REQUIREMENT:
Reproduce exactly, and only, the lines of the material below running from the line bearing "A Journey Through" through the line bearing "Healifty 6pc Golf". Leave any pictures out.

INFORMATION:
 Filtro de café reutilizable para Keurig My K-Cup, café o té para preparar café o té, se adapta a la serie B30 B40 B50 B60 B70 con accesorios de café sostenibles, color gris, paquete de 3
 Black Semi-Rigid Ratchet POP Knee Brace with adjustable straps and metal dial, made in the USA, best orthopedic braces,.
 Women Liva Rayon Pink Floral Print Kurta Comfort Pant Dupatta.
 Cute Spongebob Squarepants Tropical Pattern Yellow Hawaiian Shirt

---

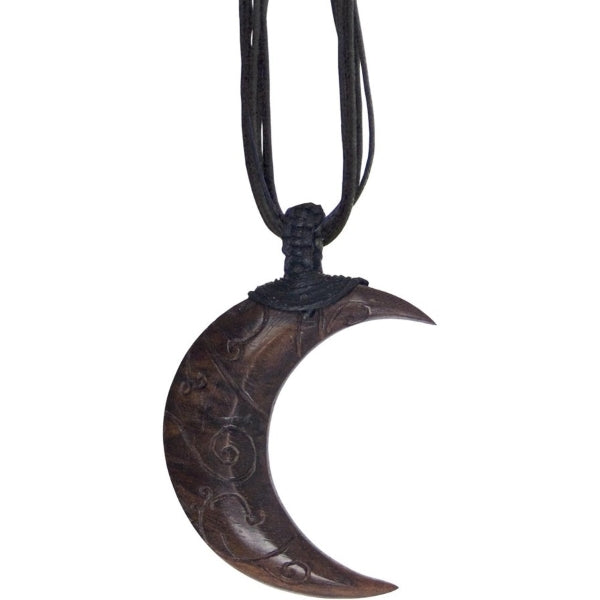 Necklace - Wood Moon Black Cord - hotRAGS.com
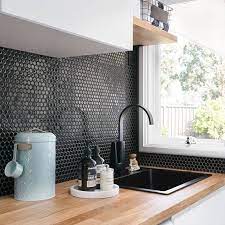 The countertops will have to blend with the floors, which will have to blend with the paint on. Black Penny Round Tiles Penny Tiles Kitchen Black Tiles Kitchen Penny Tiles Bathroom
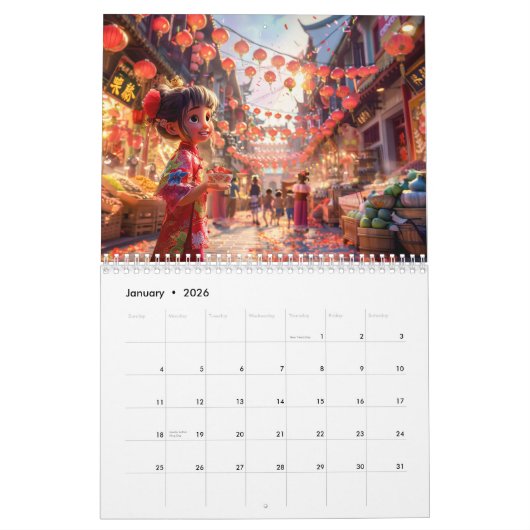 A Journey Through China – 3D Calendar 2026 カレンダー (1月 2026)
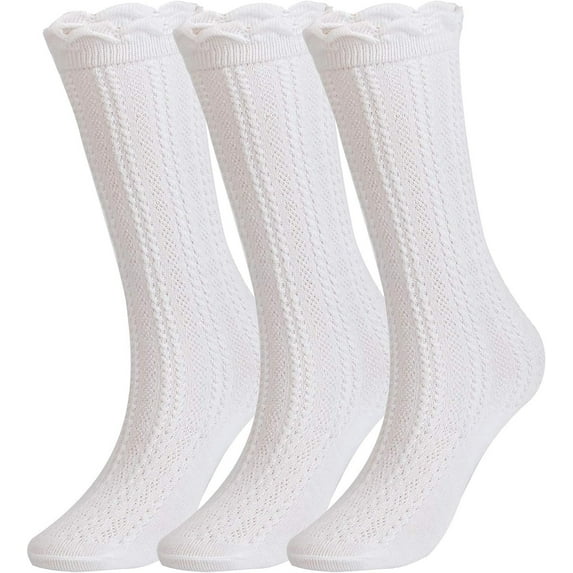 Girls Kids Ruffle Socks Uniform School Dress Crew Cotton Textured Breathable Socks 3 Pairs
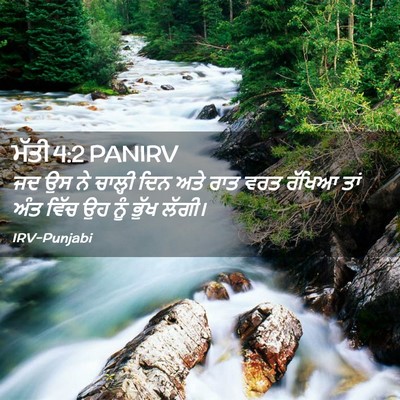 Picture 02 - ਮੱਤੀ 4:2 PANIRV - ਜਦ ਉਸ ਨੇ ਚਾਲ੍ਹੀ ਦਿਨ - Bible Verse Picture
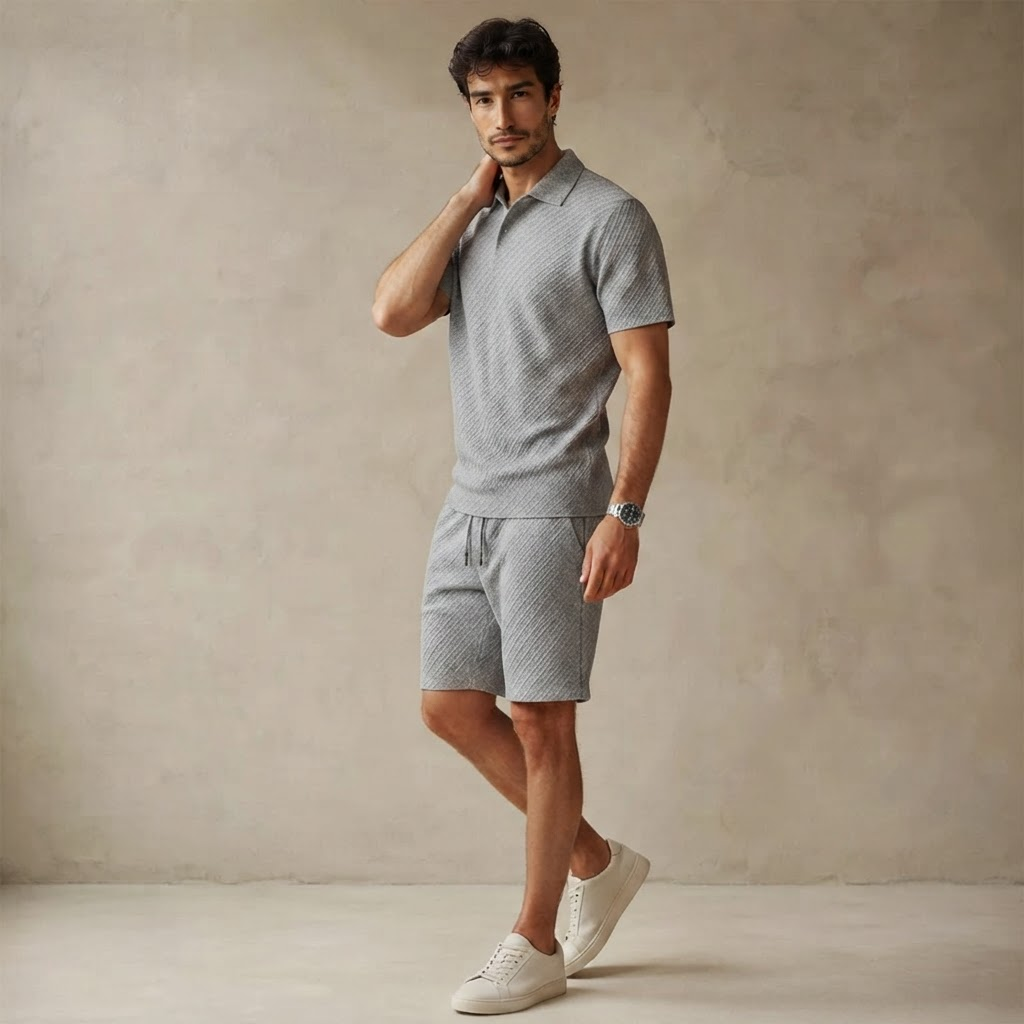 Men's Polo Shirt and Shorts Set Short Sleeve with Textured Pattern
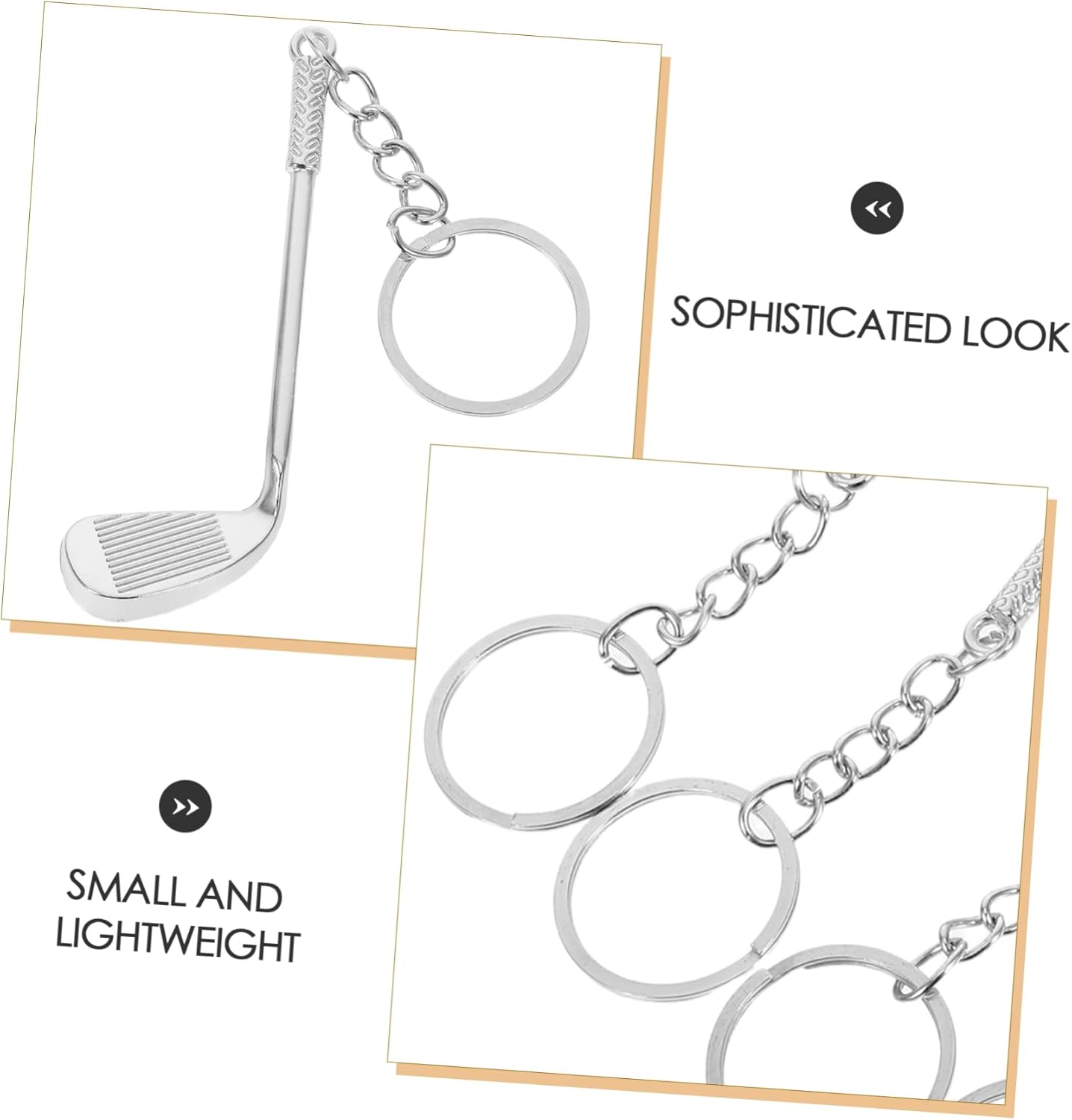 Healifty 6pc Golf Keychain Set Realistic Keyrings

ANSWER BOX:
 A Journey Through China – 3D Calendar 2026 カレンダー (1月 2026)
 Girls Kids Ruffle Socks Uniform School Dress Crew Cotton Textured Breathable Socks 3 Pairs
 Picture 02 - ਮੱਤੀ 4:2 PANIRV - ਜਦ ਉਸ ਨੇ ਚਾਲ੍ਹੀ ਦਿਨ - Bible Verse Picture
 Men's Polo Shirt and Shorts Set Short Sleeve with Textured Pattern
 Healifty 6pc Golf Keychain Set Realistic Keyrings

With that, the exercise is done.